JawsDB is a database-as-a-service provider that offers three different types of databases, namely, MySQL, Postgres, and MariaDB. With a one-click provision through Manifold, you can avoid the slow, repetitive process of setting up relational databases. JawsDB ensures that you will get a server for yourself and that only you will get the root credentials to your server. In addition to that, JawsDB creates automatic nightly backups and replicates your data across different regions in the world. You can also create, edit and save reusable queries against your server, providing a custom reporting solution for your database.
Sitara: What are a few key differentiators between the three types of databases you provide?
**John:** Currently, we’re offering managed MySQL, PostgreSQL, and MariaDB databases. At a high level, you can think of MySQL as the pragmatic option due to its large market share and focus on speed and utility. While capable of handling data and apps of any size and type, read-heavy applications with simple individual queries excel here.
Postgres is an engineer’s database, and I mean that as a complement in that it focuses on doing things the ‘correct’ way. It is much more compliant with ANSI SQL than MySQL and has wonderful support for GIS data, special datatypes, and stored procedures/routines.
MariaDB began as a true open-source fork and drop-in replacement for MySQL when MySQL was acquired by Oracle. Since then, it has diverged and innovated in several ways. An example of this is Maria’s fantastic JSON functions and features.
**S:** What made you pick these three over other RDBs?
**J:** MySQL was an obvious choice for me. Not only is it consistently ranked as the most popular open-source database, but it was the database that I and many others like me cut our teeth on when we were first learning to program.

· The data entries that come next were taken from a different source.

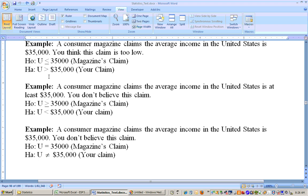There are very subtle differences between these. If it has equals to with it, like 'at least' meaning greater than or equal to, it's a null hypothesis making the alternate a left-tailed test. And finally, a straightforward two-tailed test: a consumer magazine claims that the average income of the United States is $35,000 — you don't believe this claim. It doesn't say you think it's higher or lower. So the null is mu equals $35,000 and the alternate is mu does not equal $35,000. That's called a two-tailed test.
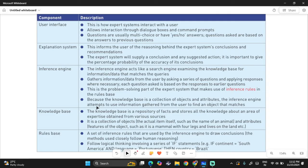The explanation system informs the user of the reasoning behind the expert system's conclusions and recommendations — it explains why the expert system arrived at a particular diagnosis or result. The inference engine acts like a search engine, examining the knowledge base for information that matches the query. It gathers information from the user by asking a series of questions and applying responses where necessary — it is the problem-solving part of the expert system that makes use of inference rules and the rules base.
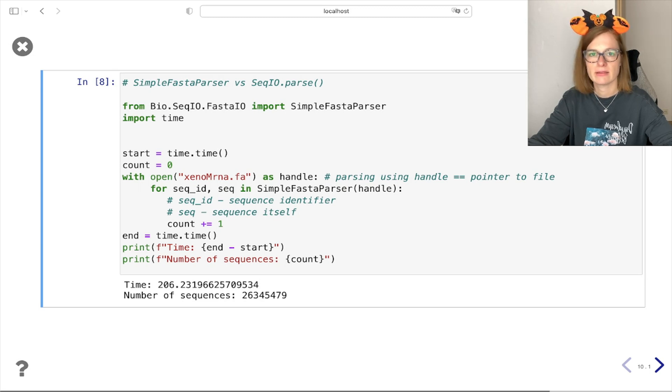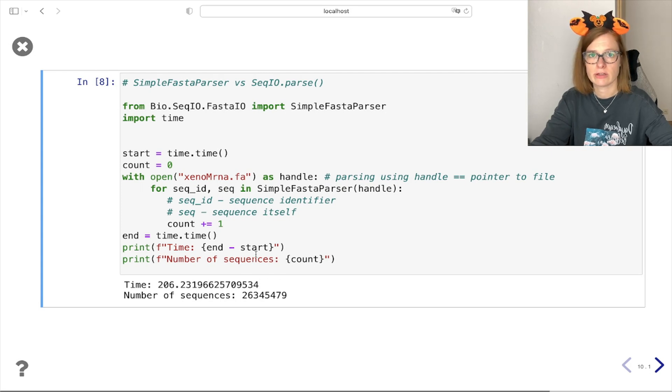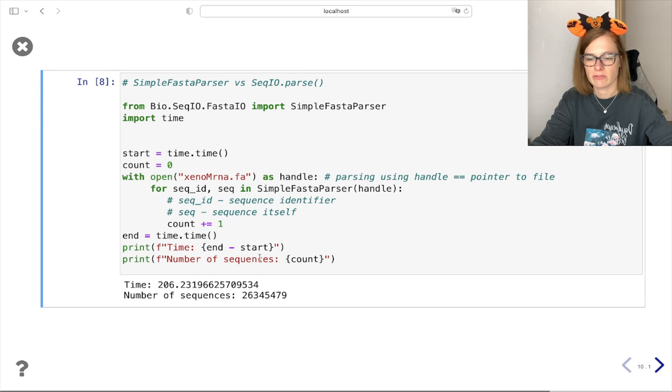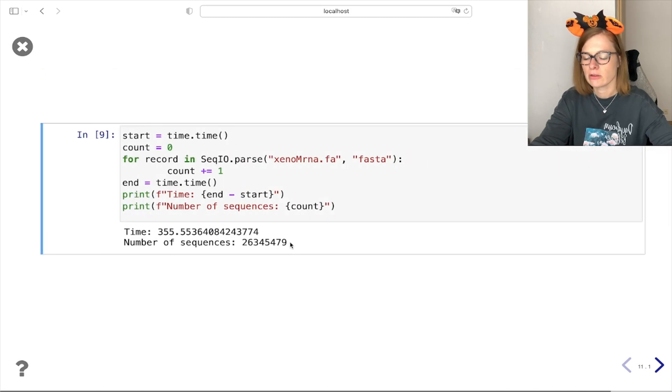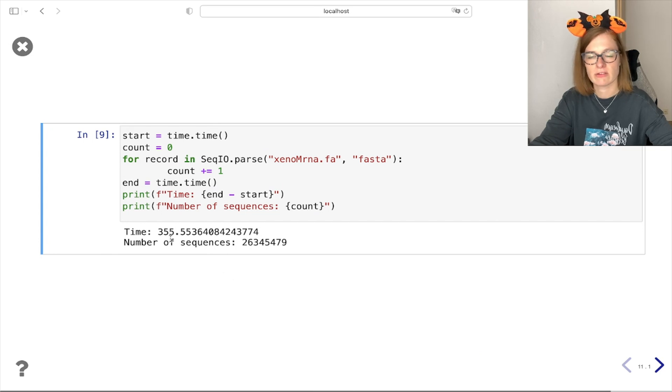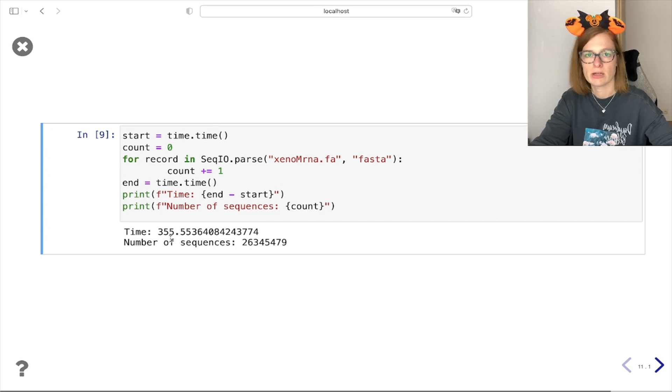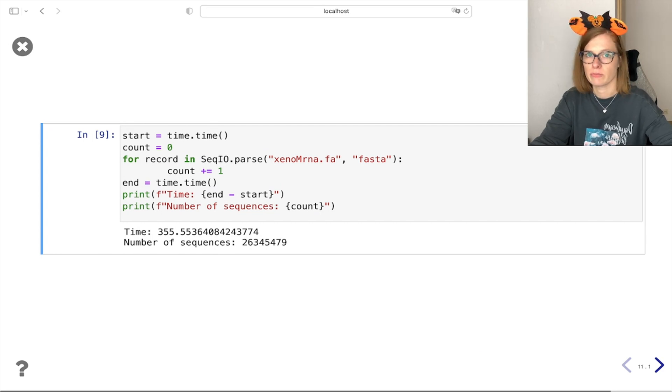We can see that SimpleFastaParser takes around 206 seconds to read all the sequences from our big file, while the parse functionality took around 355 seconds which is almost double the time. So make sure to use SimpleFastaParser when speed is of importance.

The concept of the LAMP stack (of which MySQL was the ‘M’) was incredibly exciting as a student developer as it allowed a team of one to play on the same field as large companies.
Postgres has stepped into that role as well, thanks to tireless evangelists and the fact that Postgres, frankly, is everything it is hyped to be. It’s simple enough for the beginner; it’s fiercely compliant for those who like to get the most out of the SQL; it’s powerful enough for the large orgs and heavy workloads; and it is practical enough for small businesses and simple web applications.
Like many, I was nervous when Oracle acquired MySQL so the MariaDB fork was something I started following closely. While many of my fears about the Oracle acquisition were thankfully put to rest, MariaDB had begun to add its own unique features and improvements that make it a worthy choice for anyone looking for an open-source RDBMS to use.
**S:** How do you think RDBs are changing as the quantity of data increases exponentially?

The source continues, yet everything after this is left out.